## WORK ORDER
Output the records exactly, with no line skipped.

## DATA FOR PROCESSING
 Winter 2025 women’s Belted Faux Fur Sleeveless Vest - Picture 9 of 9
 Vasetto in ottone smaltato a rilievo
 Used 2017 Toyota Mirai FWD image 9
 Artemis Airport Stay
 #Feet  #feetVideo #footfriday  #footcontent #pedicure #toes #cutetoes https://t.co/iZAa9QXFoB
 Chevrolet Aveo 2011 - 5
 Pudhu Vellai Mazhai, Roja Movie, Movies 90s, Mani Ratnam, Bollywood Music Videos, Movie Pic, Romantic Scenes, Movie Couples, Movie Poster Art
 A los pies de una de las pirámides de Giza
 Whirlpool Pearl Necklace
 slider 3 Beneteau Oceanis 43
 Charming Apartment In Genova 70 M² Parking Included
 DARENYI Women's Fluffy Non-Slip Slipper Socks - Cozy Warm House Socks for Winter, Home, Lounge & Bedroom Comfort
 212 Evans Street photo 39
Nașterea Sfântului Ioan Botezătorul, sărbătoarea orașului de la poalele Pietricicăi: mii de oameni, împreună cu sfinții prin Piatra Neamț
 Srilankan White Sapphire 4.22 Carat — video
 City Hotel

## ANSWER TO THE EXERCISE
 Winter 2025 women’s Belted Faux Fur Sleeveless Vest - Picture 9 of 9
 Vasetto in ottone smaltato a rilievo
 Used 2017 Toyota Mirai FWD image 9
 Artemis Airport Stay
 #Feet  #feetVideo #footfriday  #footcontent #pedicure #toes #cutetoes https://t.co/iZAa9QXFoB
 Chevrolet Aveo 2011 - 5
 Pudhu Vellai Mazhai, Roja Movie, Movies 90s, Mani Ratnam, Bollywood Music Videos, Movie Pic, Romantic Scenes, Movie Couples, Movie Poster Art
 A los pies de una de las pirámides de Giza
 Whirlpool Pearl Necklace
 slider 3 Beneteau Oceanis 43
 Charming Apartment In Genova 70 M² Parking Included
 DARENYI Women's Fluffy Non-Slip Slipper Socks - Cozy Warm House Socks for Winter, Home, Lounge & Bedroom Comfort
 212 Evans Street photo 39
Nașterea Sfântului Ioan Botezătorul, sărbătoarea orașului de la poalele Pietricicăi: mii de oameni, împreună cu sfinții prin Piatra Neamț
 Srilankan White Sapphire 4.22 Carat — video
 City Hotel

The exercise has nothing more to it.